Last Updated: Feb-22-2010
Annotated by:
Nixon, Lois LaCivita

Primary Category: Literature / Nonfiction

Genre: Memoir

Summary:

Because this lucid, rich, and incisive book has not, as yet, been published in the United States, it has not acquired the readership it deserves. For those teaching Medical Humanities or those interested in broader or more global stories and perspectives about physician training, practice, and experiences, Helman’s most recent publication should be considered.

Part One (“Setting Out”) begins in South Africa where Helman’s family, comprised of a dozen doctors, has lived for generations and where his own medical studies occurred. As a child, he accompanied his father on rounds while other children spent holidays at the beach. Before long he discovered how hospitals, during the madness of Apartheid, were to “some extent a distorted mirror-image of the world outside” (3). Appalled by the differences in care and treatment, the keenly aware young man kept notes. His vivid observations of the harsh context of social injustices provide an unequivocal, eloquent, and disturbing critique of medicine then and there. His acute observations of physician behaviors and indigent populations in the city and in the bush contribute, as readers discover in later chapters, to the author’s expanded and compelling interests in cultural anthropology.

Part Two (“The Family Doctor”) leads to London. “After all the heat and light and space of Africa, London—with its low leaden sky and constant drizzle—was like living inside a Tupperware box, one stored deep inside a refrigerator” (47). In the 60s Helman’s migration required an adjustment to a world of technology and order, where as a family practitioner, he had become, in fact, a suburban shaman.
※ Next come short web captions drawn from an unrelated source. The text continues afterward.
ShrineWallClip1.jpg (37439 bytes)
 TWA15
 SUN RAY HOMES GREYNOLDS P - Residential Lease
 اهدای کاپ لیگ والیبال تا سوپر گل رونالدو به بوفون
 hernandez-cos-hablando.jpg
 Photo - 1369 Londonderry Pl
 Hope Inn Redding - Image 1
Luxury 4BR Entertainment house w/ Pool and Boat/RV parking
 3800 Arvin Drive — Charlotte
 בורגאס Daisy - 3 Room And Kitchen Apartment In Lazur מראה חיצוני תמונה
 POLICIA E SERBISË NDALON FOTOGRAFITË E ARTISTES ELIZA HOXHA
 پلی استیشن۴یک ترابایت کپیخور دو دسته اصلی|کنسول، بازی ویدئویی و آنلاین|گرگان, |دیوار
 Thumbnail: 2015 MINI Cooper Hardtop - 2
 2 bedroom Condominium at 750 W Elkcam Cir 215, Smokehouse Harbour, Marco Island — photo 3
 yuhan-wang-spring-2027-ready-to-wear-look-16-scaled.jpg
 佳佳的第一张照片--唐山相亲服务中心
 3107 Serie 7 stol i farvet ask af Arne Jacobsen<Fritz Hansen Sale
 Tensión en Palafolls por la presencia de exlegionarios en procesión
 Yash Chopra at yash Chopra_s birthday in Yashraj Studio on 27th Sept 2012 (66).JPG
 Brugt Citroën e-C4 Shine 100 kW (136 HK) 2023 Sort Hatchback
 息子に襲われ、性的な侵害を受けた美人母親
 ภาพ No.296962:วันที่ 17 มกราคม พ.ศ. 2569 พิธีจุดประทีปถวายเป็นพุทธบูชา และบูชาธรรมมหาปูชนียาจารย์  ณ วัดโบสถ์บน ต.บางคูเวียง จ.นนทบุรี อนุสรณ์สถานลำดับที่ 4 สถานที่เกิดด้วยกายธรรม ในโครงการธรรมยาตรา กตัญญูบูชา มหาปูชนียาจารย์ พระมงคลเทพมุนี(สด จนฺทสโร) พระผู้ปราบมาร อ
In any society, patients wanted “relief from discomfort, relief from anxiety, a relationship of compassion and care, some explanation of what has gone wrong, and why, and a sense of order or meaning imposed on the apparent chaos of their personal suffering to help them make sense of it and to cope with it” (xvi).

Gradually Helman saw connections between the role of family physician and traditional healer: both involved an understanding of “not only a body’s internal equilibrium but also the equilibrium of the patient’s relationships with the world he or she lives in and how treatment should aim not only to treat the diseased organ but also to restore the patient’s life that equilibrium of relationships” (xvii). His encounters with patients and the stories they reveal suggest how important these often overlooked connections are and why they ought to be included in medical training and practice.

By the time readers reach Part Three ("States of the Art”), the author has moved into broader realms of thinking, in which medicine and illnesses are examined anthropologically. After 27 years of clinical practice Helman’s white coat and stethoscope are placed on a hook. Now, as a credentialed anthropologist at University College London, his larger lens allows for sustained scrutiny of the complexities, ambiguities, and nuances in such chapters as “Grand Rounds,” “Hospitals,” “Placebos,” “Third Worlds.” Helman’s range of experiences, multi-disciplinary training, intellectual conclusions, and abundant common sense argues for techno-doctors to learn from holistic practitioners. Whether devastating or humorous, the critiques reflect not just care provision but shared human capacities: the insights are thoughtful and fresh and very worthwhile.